*YOUR ASSIGNMENT*: Your answer should be the lines below from the one holding "Beaver Anti-Hair Loss" through the one holding "Wachsende Bakterien im", copied exactly and with nothing else.

*** SUPPLIED DATA ***

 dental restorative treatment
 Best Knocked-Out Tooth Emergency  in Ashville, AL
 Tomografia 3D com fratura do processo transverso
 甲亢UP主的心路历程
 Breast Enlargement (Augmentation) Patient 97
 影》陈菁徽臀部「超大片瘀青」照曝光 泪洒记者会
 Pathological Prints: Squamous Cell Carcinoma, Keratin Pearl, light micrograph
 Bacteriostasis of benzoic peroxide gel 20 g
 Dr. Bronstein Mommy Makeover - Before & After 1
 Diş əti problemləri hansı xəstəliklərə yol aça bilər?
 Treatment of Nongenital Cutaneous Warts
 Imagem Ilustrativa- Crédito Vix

*** End of SUPPLIED DATA ***
*** SUPPLIED DATA ***

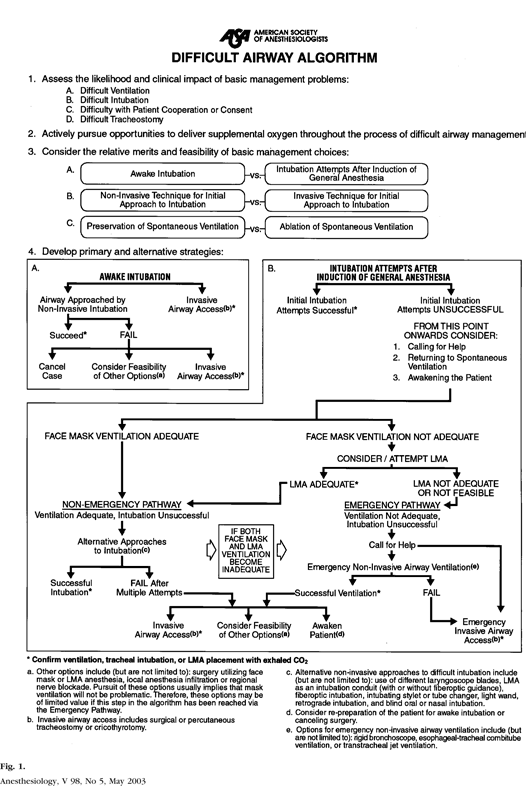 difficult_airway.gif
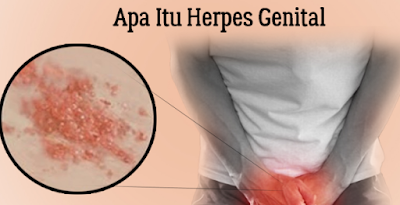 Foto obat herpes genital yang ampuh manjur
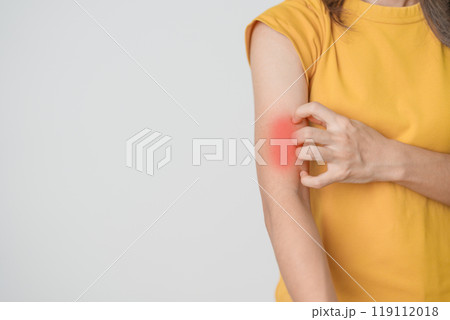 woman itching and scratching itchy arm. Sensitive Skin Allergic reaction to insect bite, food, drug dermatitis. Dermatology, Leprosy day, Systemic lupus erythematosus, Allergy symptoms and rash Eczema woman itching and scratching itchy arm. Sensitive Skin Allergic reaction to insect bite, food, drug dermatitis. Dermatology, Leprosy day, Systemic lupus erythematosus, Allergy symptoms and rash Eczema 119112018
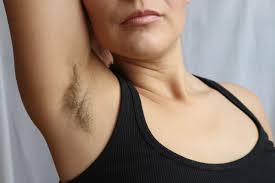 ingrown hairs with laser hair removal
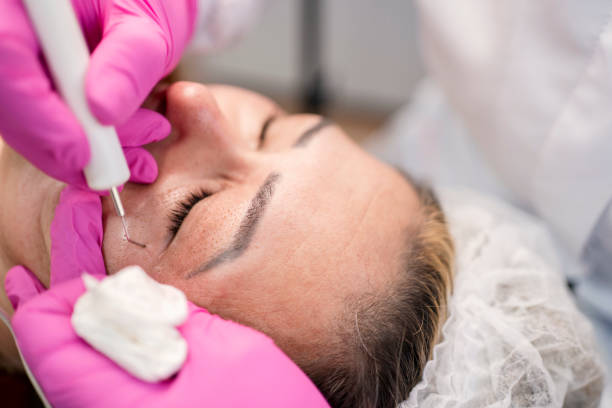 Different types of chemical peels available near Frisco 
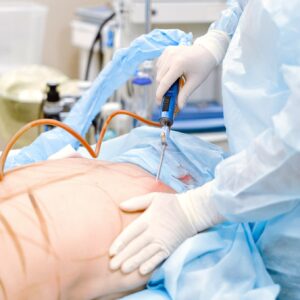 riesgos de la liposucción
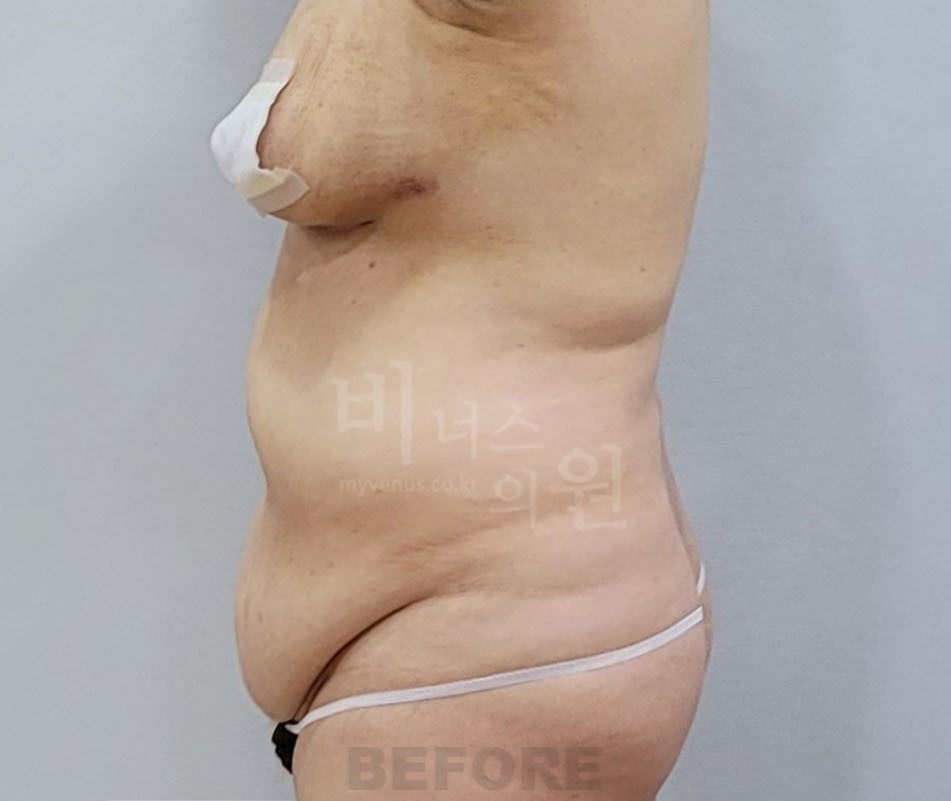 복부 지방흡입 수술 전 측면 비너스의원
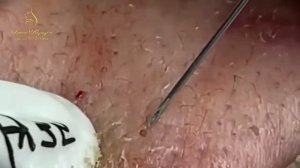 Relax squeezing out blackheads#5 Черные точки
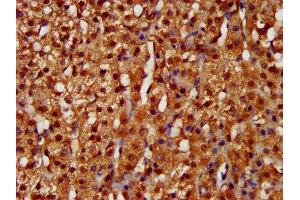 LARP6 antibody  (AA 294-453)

*** End of SUPPLIED DATA ***
*** SUPPLIED DATA ***

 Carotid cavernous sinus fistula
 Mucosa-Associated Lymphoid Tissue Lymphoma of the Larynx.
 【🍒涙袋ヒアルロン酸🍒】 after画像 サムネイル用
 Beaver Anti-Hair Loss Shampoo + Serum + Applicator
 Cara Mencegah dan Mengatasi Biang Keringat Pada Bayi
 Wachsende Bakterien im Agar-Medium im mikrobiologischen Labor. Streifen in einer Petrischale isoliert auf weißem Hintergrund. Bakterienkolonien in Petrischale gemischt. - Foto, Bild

*** End of SUPPLIED DATA ***

*WRITTEN ANSWER*:
 Beaver Anti-Hair Loss Shampoo + Serum + Applicator
 Cara Mencegah dan Mengatasi Biang Keringat Pada Bayi
 Wachsende Bakterien im Agar-Medium im mikrobiologischen Labor. Streifen in einer Petrischale isoliert auf weißem Hintergrund. Bakterienkolonien in Petrischale gemischt. - Foto, Bild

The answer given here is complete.